- _Extracted information_:
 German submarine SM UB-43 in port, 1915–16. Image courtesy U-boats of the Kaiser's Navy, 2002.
...
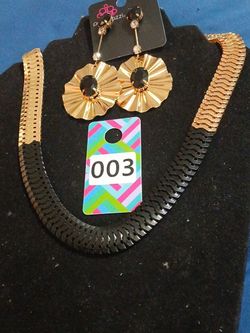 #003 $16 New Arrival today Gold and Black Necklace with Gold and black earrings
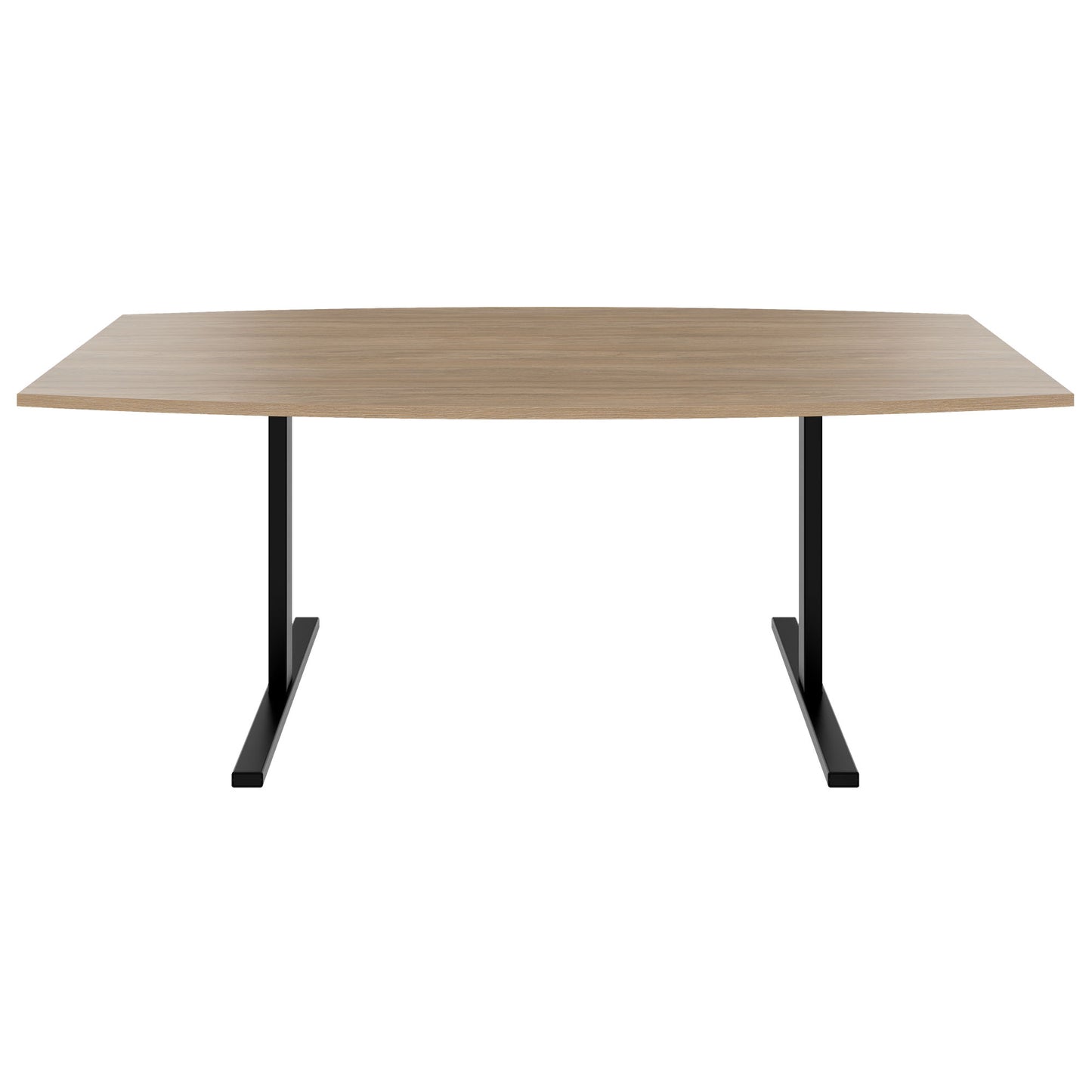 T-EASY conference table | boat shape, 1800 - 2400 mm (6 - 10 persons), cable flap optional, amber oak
...
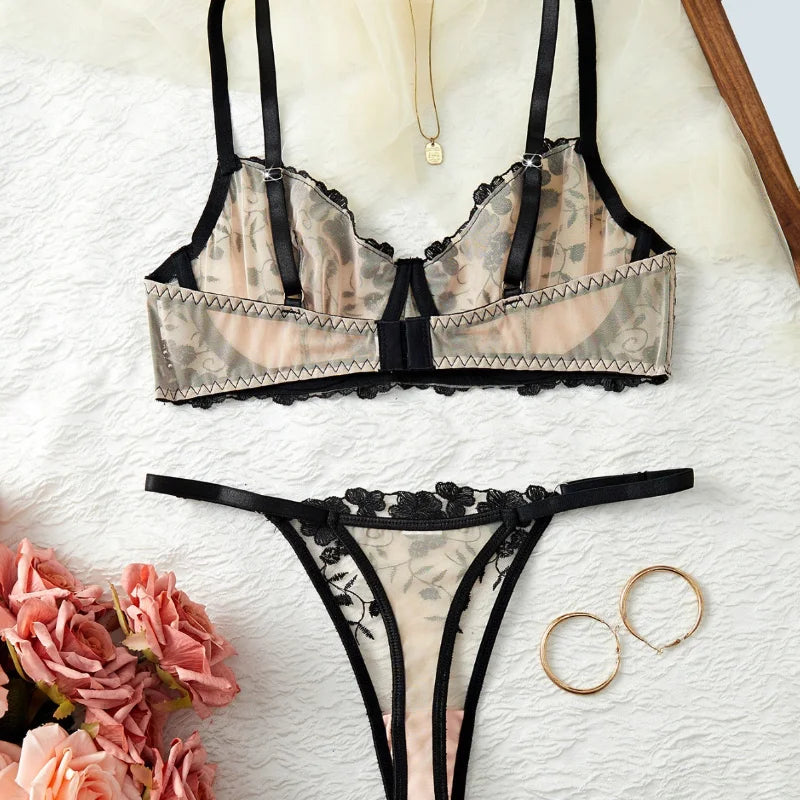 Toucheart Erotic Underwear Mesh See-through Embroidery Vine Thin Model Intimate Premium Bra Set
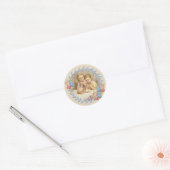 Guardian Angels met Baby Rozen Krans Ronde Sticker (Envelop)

- _Prompt_: Beginning with the line holding "#003 $16 New" in the material above, restate word for word each line through the line holding "T-EASY conference table", and exclude pictures.

- _Output below_:
 #003 $16 New Arrival today Gold and Black Necklace with Gold and black earrings
 T-EASY conference table | boat shape, 1800 - 2400 mm (6 - 10 persons), cable flap optional, amber oak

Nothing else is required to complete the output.